One of the best things I've learned from playing a sport, is that the ability to pick yourself up from the floor can save the game. When the other team has a staggering lead and you expect you'll fail, you'll probably not perform well. When you decide that you're going to lose because that's what it looks like, you have a higher chance of loosing.
The best athletes are the ones who can return from making mistakes and succeed because they stay hopeful, they keep their heads up, they keep fighting.
It's what I want to do every day.
But usually, I start out with seemingly good expectations. I begin to procrastinate a bit, and I lose focus. Evening approaches and whatever I've been tackling looks monstrous. I have three assignments due, nanowrimo needs to get done, I need to work on my devotions, I haven't run, and all I want to do is lie on the floor.
Please understand I think resting is necessary. You shouldn't run yourself ragged. The detrimental thing here is thinking you're bound to fail.
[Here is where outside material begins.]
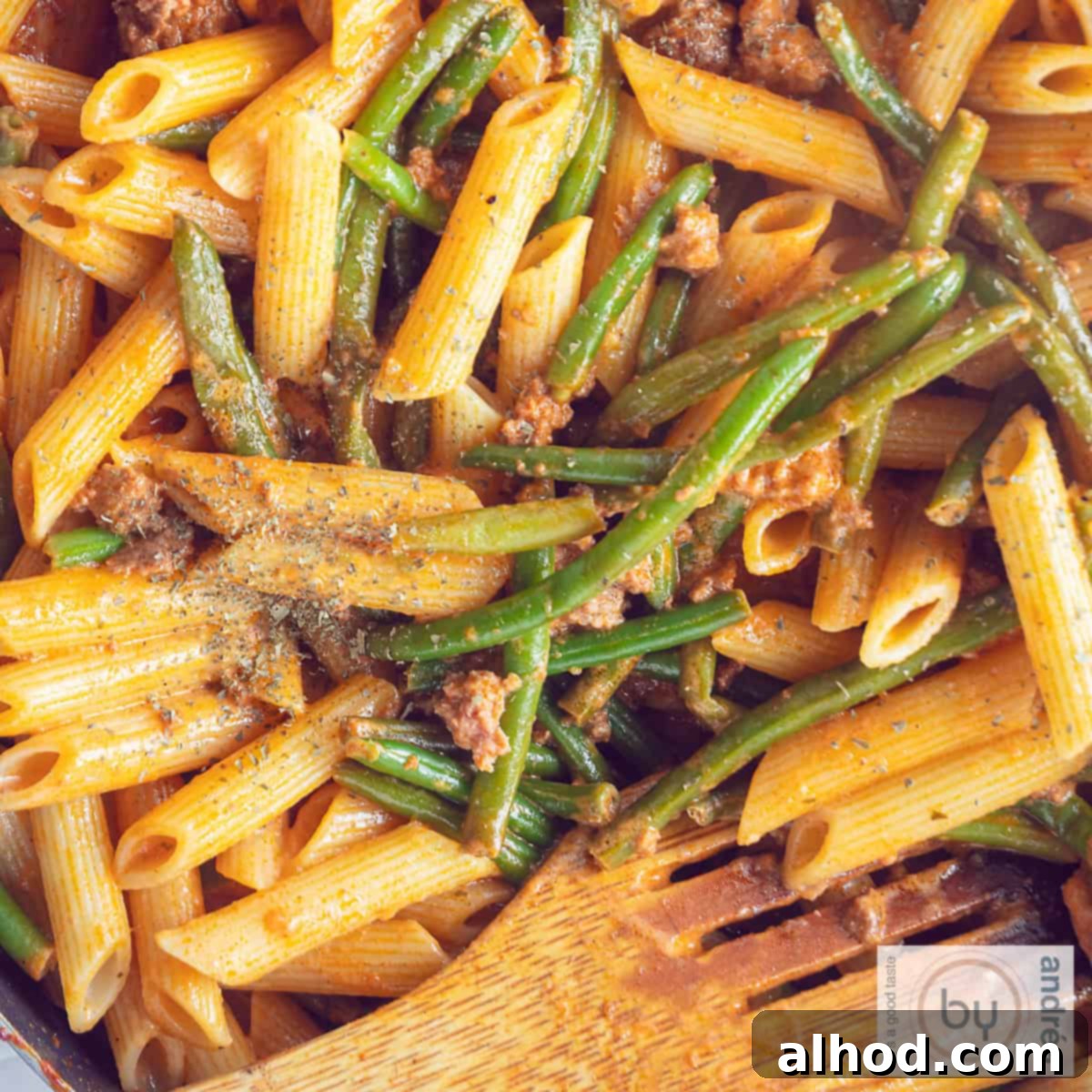 A square photo of a pan filled with penne alla vodka, with green beans and minced meat. A wooden spoon is in the pan.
I keep a mental list of what I feel I should do, and that list has caused me a great deal of anxiety. When I don't get everything done, or at least what other people might be doing, I get overwhelmed. And I'm not the only one.
Taking a break to cool off is very helpful, but the task at hand won't ever be completed until we come back to it. I might be too optimistic here, but, I firmly believe everyone is more capable than they think they are. The attitude thing, as difficult as it is, can impact the performance.
Please do not wake up already in defeat. When we do that, we often fall asleep at night not feeling content but burdened. You can be capable of doing great things, you can find strength from Christ, but you don't have to lose your identity in him by looking for it in achievement.
Sometimes, I just need to lay on the floor, but sooner or later, I got to get back up.